Purchasers were mostly in agreement (63.6%) that the success of ACO Medicare pilots were not tied to the success of commercial and Medicaid ACO arrangements. Providers and vendor/others both had under 40% of respondents that Medicare’s success was tied to Medicaid’s and Commercial’s.
Satisfaction with CMS
The same, very low, percent of respondents (2.7%) were very satisfied with CMS's handling of the MSSP and the Pioneer Model ACOs. The percent of respondents on the other extreme, those who were very dissatisfied, was also low with only 5.5% answering this way.
A majority of respondents (54.5%) were neutral in their opinion of CMS’s handling of this. Only 15.5% of respondents were satisfied with CMS, and 21.8% said they were not satisfied. Overall, respondents did have a more negative attitude toward CMS, with 27.3% being either not satisfied or very dissatisfied, while only 18.2% were satisfied or very satisfied.
Providers were the most positive in their assessment of CMS’s handling of ACO programs, with 21.8% being satisfied or very satisfied. Vendors or others were the most negative on CMS’s handling, with 33.3% being not satisfied or very dissatisfied.

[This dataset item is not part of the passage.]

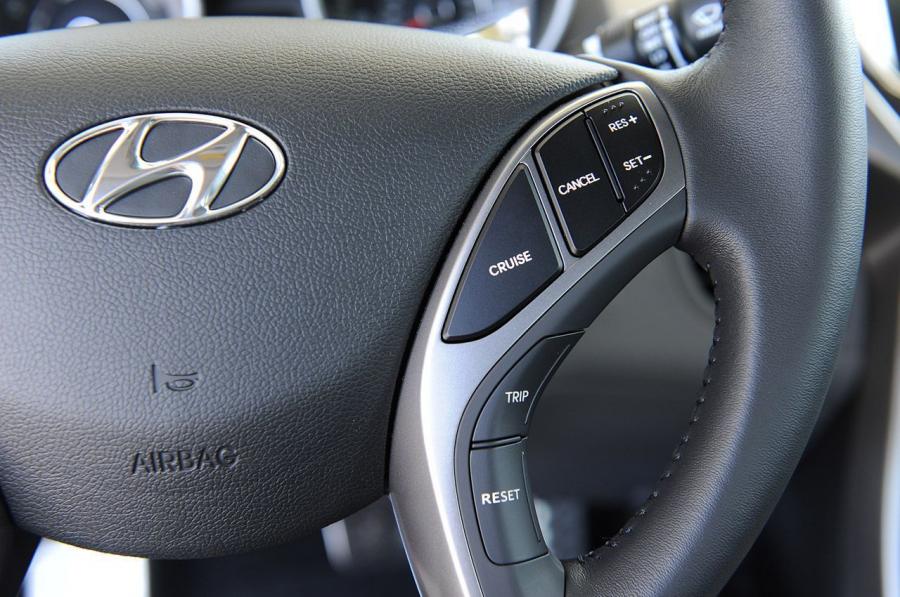  Hyundai Elantra Coupe 2012 года  (фото 62 из 88)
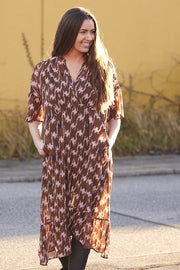 Karoline Dress | Brun | Oversize kjole med print fra Liberté Essentiel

Confidence That ACOs Will Generate the Necessary Savings
Respondents were more confident than not, that ACOs will actually generate the necessary savings, with 40.0% saying they were either confident of very confident while a smaller portion of 31.8% were doubtful or very doubtful. While the plurality of 40% leaned towards the confident side, only 4.5% of respondents were very confident. 28.2% of respondents did not have an opinion on their confidence level.
Providers had the greatest confidence that ACOs will generate necessary savings with 43.6% saying they were confident or very confident, though vendor/others were not far behind, with 39.4% saying this. An equal amount of purchasers and vendor/others were doubtful or very doubtful they will generate the necessary savings at 36.4% each.
Bundled Payments
Respondents were fairly evenly split on whether bundled payments prove to be a more effective delivery and payment reform model than ACOs. 35.5% disagreed or strongly disagreed with this, 30.9% agreed or strongly agreed, and 33.6% had neutral feelings. Only a small amount of respondents on both sides felt strongly about their position, with only 11.8% strongly disagreeing and 5.5% strongly agreeing. Those in the vendor/other category were the only category that was evenly split between disagreeing/strongly disagreeing, being neutral and agreeing/strongly agreeing at 33.3% each. Purchasers and providers fell on opposite ends of the spectrum, with 45.5% of purchasers agreeing/strongly agreeing and 43.6% of providers disagreeing/strongly disagreeing.